Social media is a vital part of everyone’s lives today on both a professional and a personal level. For human resource professionals, however, there exists some confusion about what constitutes a permissible social media policy or rule and what an employee can safely “post” on a social media website about his or her employer without being subject to discipline and/or termination.
 
In fact, the National Labor Relations Board (NLRB) issued its first decision on this topic only last September. Providers should be aware of the latest NLRB developments when crafting their social media rules and/or policies.

Costco’s Broad Social Media Policy

NLRB, in order to determine whether a work rule violates Section 8(a)(1) of the National Labor Relations Act (NLRA) and is thus an unfair labor practice, examines whether the rule tends to chill employees in the exercise of their Section 7 NLRA rights.
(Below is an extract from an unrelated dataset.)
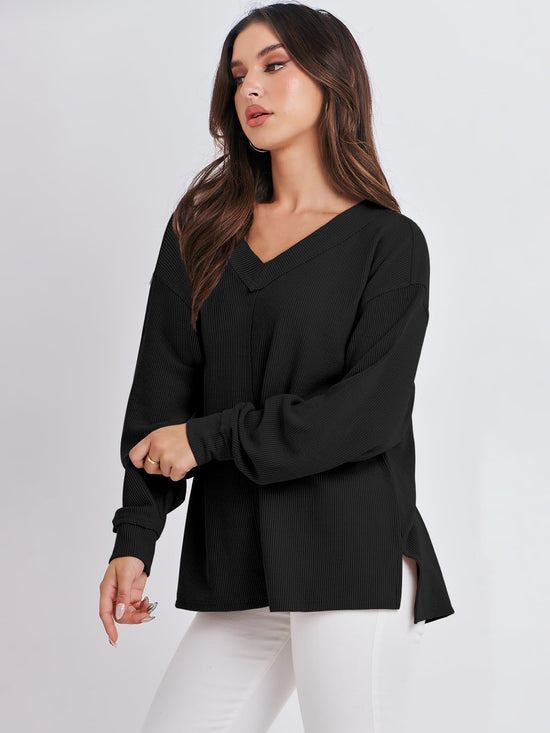 ANRABESS shirt — Oversized off the shoulder long sleeve tunic top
Section 7 rights include the right to join unions, to bargain collectively, and to “engage in other concerted activities for the purpose of collective bargaining or other mutual aid or protection.”
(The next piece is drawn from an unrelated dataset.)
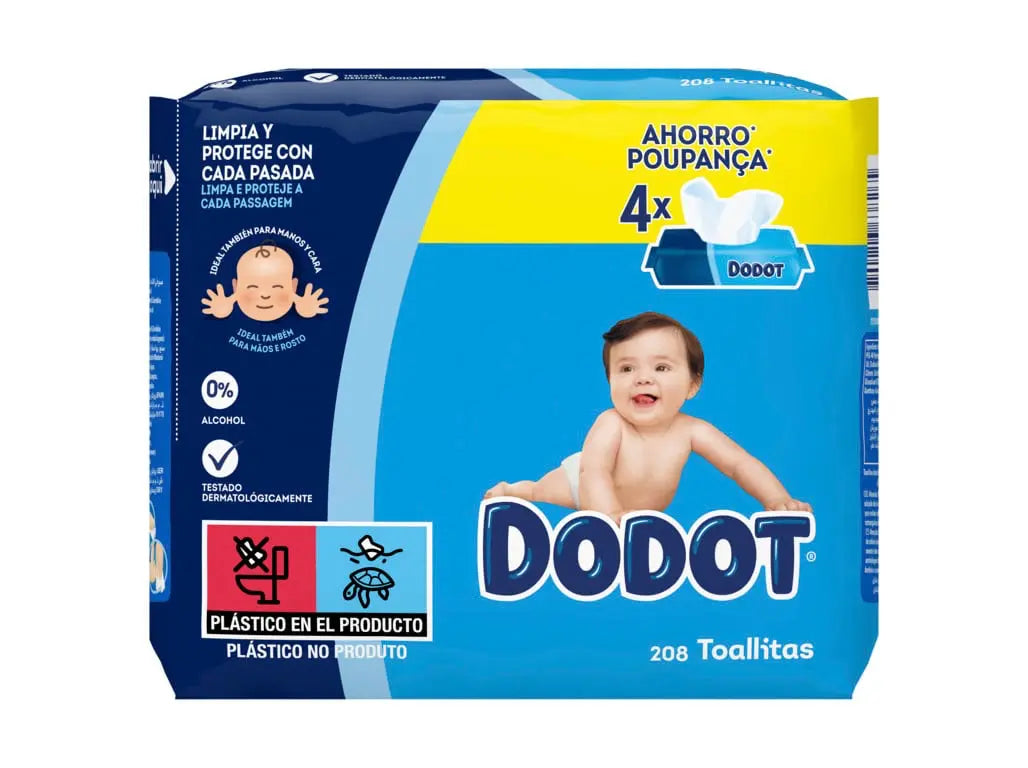 Toalhitas Dodot Azul - embalagem de 4 x 52 toalhitas (208 unidades)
Board Makes First Policy Judgment

Last September, NLRB, in its first case directly addressing social media policy, held in Costco Wholesale Corp. that an overly broad social media policy promulgated by Costco violated Section 8(a)(1) of the NLRA and ordered Costco to rescind or modify that policy.
 
The policy stated that “[e]mployees should be aware that statements posted electronically … that damage the company [Costco], defame any individual, or damage any person’s reputation, or violate the policies outlined in the Costco Employee Agreement, may be subject to discipline, up to and including termination of employment.”
 
NLRB found that the “broad parameters” contained in the policy would result in employees refraining from engaging in certain communications (such as those that would be critical of Costco’s treatment of its employees) that are protected under Section 7 of the NLRA.
 
NLRB noted that this broad rule did not contain language that would have restricted its application to conduct (malicious, abusive, or unlawful) that an employer can safely prohibit.
 
The implication being, of course, that had it contained such restrictive language, the rule might have been found lawful.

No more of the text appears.